Though the postseason should be an opportunity for baseball to celebrate transcendent play on the field and attract new fans, the joys of October baseball in 2018 have been consistently marred by the grouchiness of old-school baseball fans.

In many ways, it is a tale as old as time; aging generations cannot help but bemoan changes to the things they once loved, be it baseball or otherwise. This “back in my day” attitude, however, will not help baseball reach younger audiences.

This pattern of frustration among announcers and older former players is troubling. Would a prospective baseball fan become more interested or less interested in the sport if he or she heard announcers constantly criticize the way the game is played today? To whom are these grumpy pundits pandering?

One frequent target for vilification is “the shift,” which adjusts the traditional setup of the infield depending on the tendency of a given batter to pull groundballs. When players hit into the shift, old-school pundits complain that players should be able to adjust. When players beat the shift, these same individuals immediately jump on the opportunity to entirely dismiss the strategy behind the defensive alignment. Pleasing the complainers proves impossible.
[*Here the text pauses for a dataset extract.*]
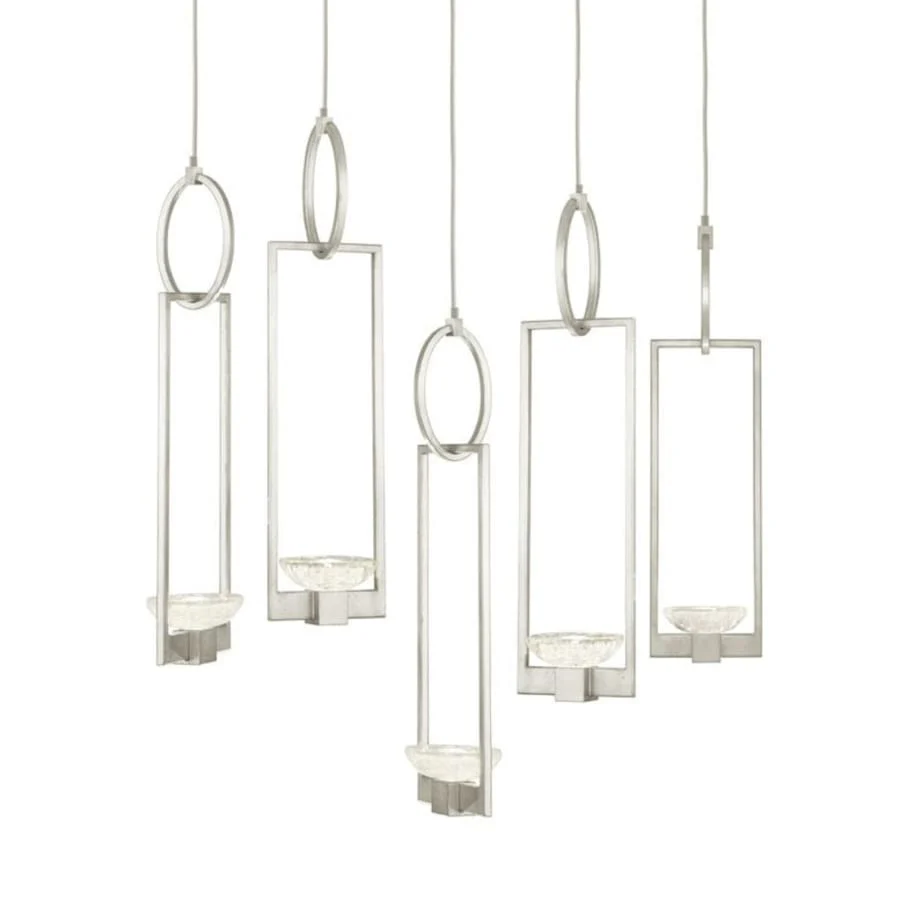 Fine Art Handcrafted Lighting Delphi 27" Wide LED Multi Light Pendant - Image 1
In reality, the shift should be seen as a triumph of the advancement of the game. Baseball, historically one of the slowest sports to accept change, embraced statistical analysis and concluded that putting fielders where the ball gets hit would be a good way to get outs: straightforward enough, right? Somehow, though, even logical changes like these infuriate groups of traditionalists who would die defending their conception of the “right way” to play.

The uptick in home runs and strikeouts also draw the ire of those who seemingly look only for opportunities to criticize baseball. It is statistically accurate that there are fewer balls in play per game than there were during other eras, but it seems possible that fans would trade watching routine grounders for home runs 10 times out of 10. 

Sacrifice bunts and slap hitters are not the backbone of what makes baseball special. If MLB wants to encourage a younger generation to embrace the game, emphasizing the players who hit 450-foot home and throw 100-mph fastballs seems like a smart route. In a sports landscape dominated by the fast-paced, high-action play in the NBA and NFL, displays of elite athleticism like the home run and the strikeout are what will excite new fans, not pitchouts and groundball pitchers.

While there is a time and place for these somewhat unexciting plays, they are not the moments that make highlight reels or etch a place into sports history.

With change comes a nostalgia for the “good old days,” and some complaints held by traditionalists are valid. The decline of the stolen base, for example, does not help the game, but on the whole, baseball has morphed into a game that reflects the all-or-nothing mood of a generation.

If these trends go too far, baseball will self-correct, or rule changes could eventually resolve issues, but for now, baseball has become something slightly different, and in some ways, it’s better.